How many times do you have to be told that this is not the parallel you think it is?

Make your own case and don’t try to pretend that generators have anything to do with it.

Yes, and they also won’t catch your custom exception. So… why do you subclass a standard exception, and then act all shocked when it gets caught when that exception is being caught? That is the way exception handling works.

StopIteration is a particular exception, because it’s swallowed silently in many contexts. IMHO PEP 479 was a sane decision, and I don’t know in this particular case what exception could be used apart RuntimeError. Certainly not a custom exception, that instead you can happily use.

Define “standard”.

Maybe, but Python historically is very readable in plain English. What try exception in means in English? And why in, that is used for iterables?

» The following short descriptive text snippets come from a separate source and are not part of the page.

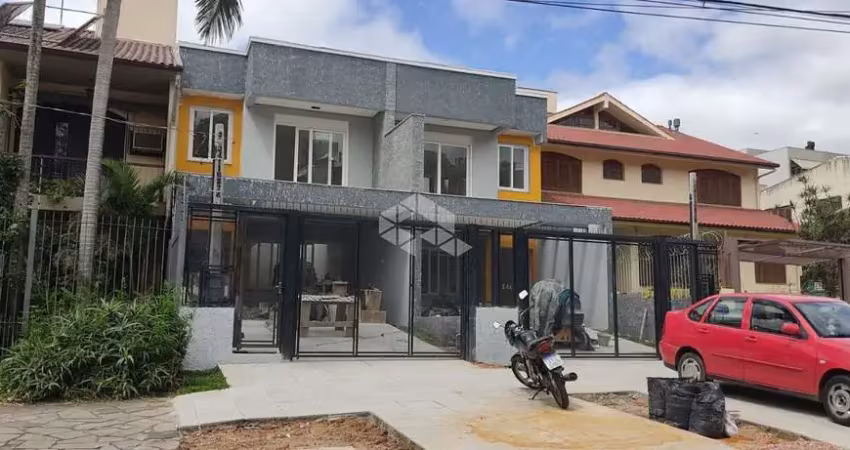 Casa em condomínio fechado com 3 quartos à venda na Avenida José Gertum, 570, Chácara das Pedras, Porto Alegre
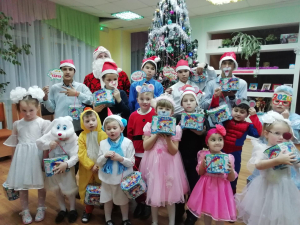 Развлечение «Конкурсы от Деда Мороза»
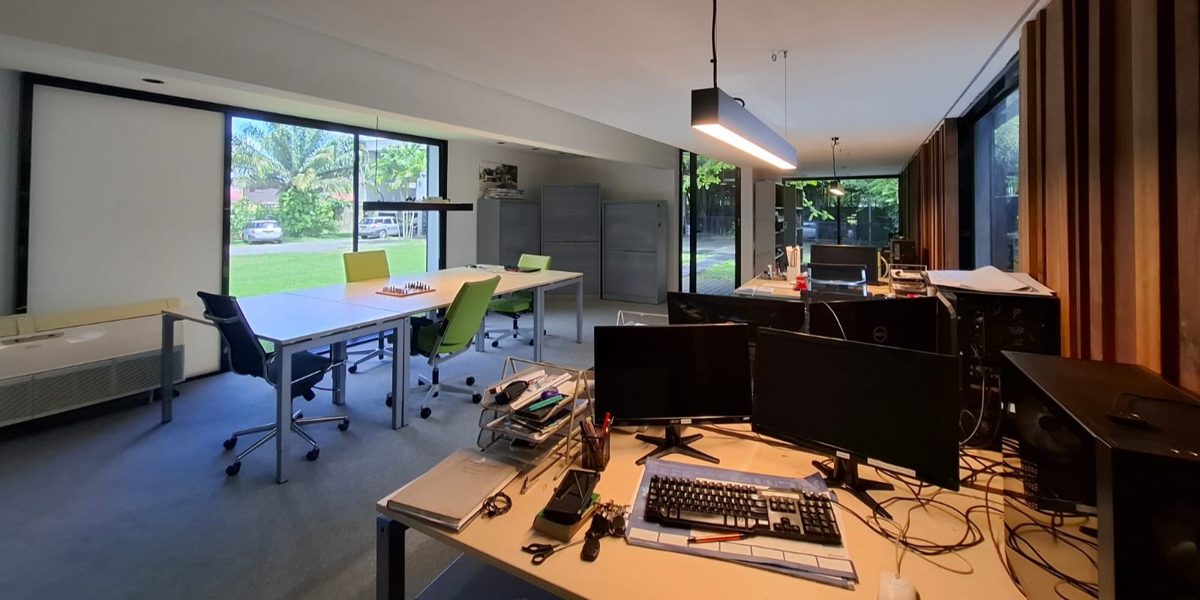 Werkplekken in het kantoor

Furthermore your syntax will use implicitly RuntimeError. Apart the fact that “explicit is better than implicit”, this will make RuntimeError special.

well they could have introduced a GeneratorError instead of using RuntimeError for it. but then ppl could catch a GeneratorError and handle it, while handling a RuntimeError is frowned upon.

ah we see. it’s mostly an issue of finding syntax/keywords that will fit nicely without breaking everything or conflicting with existing code.

so maybe:

try with StopIteration, ValueError: # try to run the following block with these exceptions as "protected" or "checked" exceptions
  ...
  raise StopIteration, ValueError from: # raise any of these otherwise-"protected" exceptions if they're raised from the following block
    ...
  ...

(but this might be confused with regular with so maybe not a great idea… but anyway)

Why introducing a new exception in the language for a very narrow case?

…I think you answered yourself

Nope. The syntax is a problem, but it’s not the main problem for me. The main problem for me here is that you’re assigning a special rule to RuntimeError, that’s not a so special exception.

ah.

… would adding an UncaughtError be too much?